Professor of Sociology Rob Rosenthal, who introduced Brady, expressed a similar appreciation for the songwriter.

“I was astounded when I first heard ‘The Island,’” he said. “Brady managed to compress both a haunting portrait of sectarian violence and a love story into a single song. Most impressively, he made it work.”

Such mixing and mating of disparate themes is typical of Brady’s lyrics. In “Blue World,” another apostrophe addressed to an unnamed lover, Brady expressed ambivalence about both their relationship and his role as a lyricist: “I ain’t got time to be your hero / I don’t wanna be your poet.”

Brady also expressed ambivalence about lyrical complexity itself, describing his influences and musical preferences while bantering with the audience.

“These are my favorite lyrics: whoo-whoo-whoo,” he said.

His instrumentation was far less varied.

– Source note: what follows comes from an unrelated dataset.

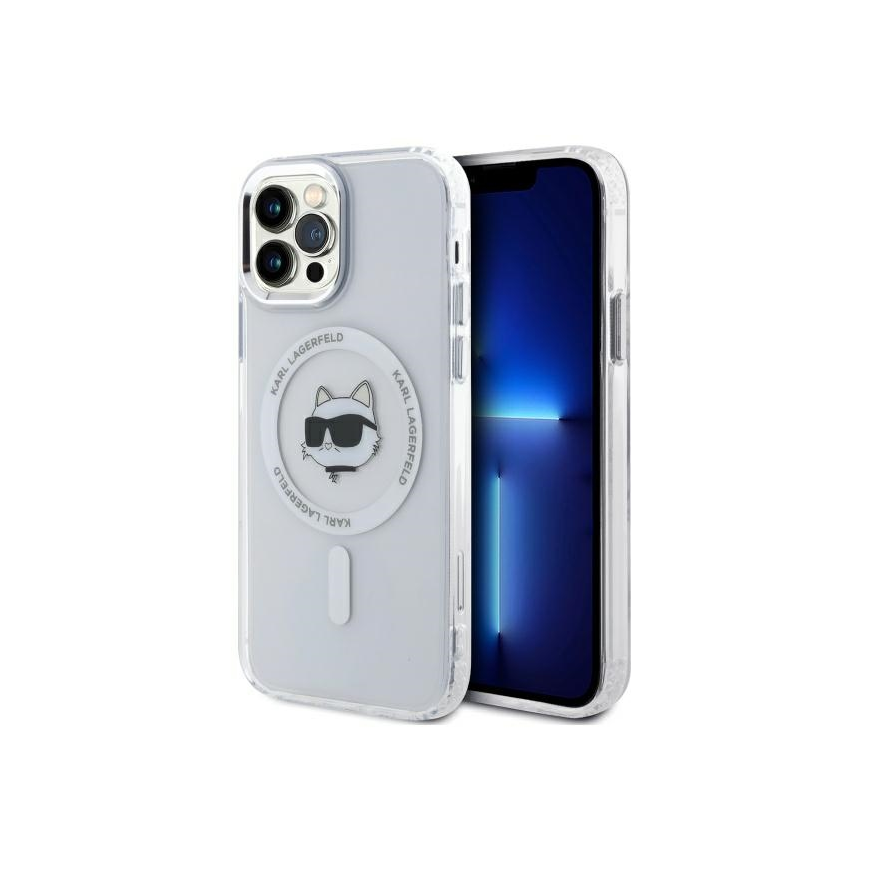 Dėklas Karl Lagerfeld KLHMP12MHLSCHH iPhone 12 / 12 Pro 6.1" balta/baltas hardcase IML Metal Choupette Head MagSafe – 4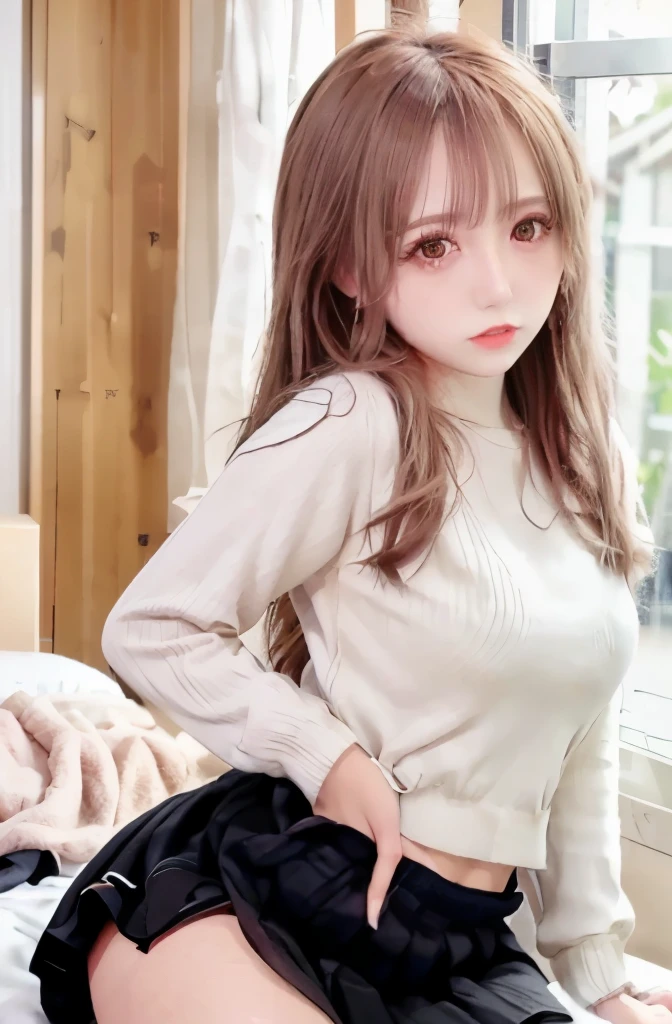 (((NFSW:1.3)),((I can see the pants)),((panty shot:1.3)),((skirt lift:1.3)),((panty shot:1.3)),((skirt lift:1.3)),((panty shot:1.3)),((skirt lift:1.3)),1 girl, single, alone, Beautiful woman、((I could see the whole body:1.3))、 ((middle wave hair, bangs, brown hair)), ((brown eyes, beautiful eyelashes, realistic eyes)), ((detailed face, blush:1.2)), ((smooth texture:0.75, realistic texture:0.65, realistic:1.1, Anime CG style)), perfect body, (( white shirt)), ((black skirt:1.3)), 1 girl,(highest quality,4k,8K,High resolution,masterpiece:1.2),1 Beautiful woman,18-year-old,35mm lens,f/1,considerable breasts,soft sunlight,bright colors,playful expression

Although he switched regularly between his two guitars and keyboard—often impulsively, at one point strumming a few chords on one guitar before suggesting brightly: “Hey, let’s move to the piano”—he rarely strayed from classically poppy song structures, wrapping his more interesting progressions around familiar choruses that bounced off of well-worn refrains. He even kept his keyboard on one setting for the entire performance: a soft electronic hum reminiscent of a sitcom theme song from the mid-80’s.

But the audience didn’t seem to mind. In the end, it was Brady’s banter, delivered in a husky North Irish accent, which forgave him of any musical transgressions. Perhaps most charming of all was Brady’s rebuttal to his critics.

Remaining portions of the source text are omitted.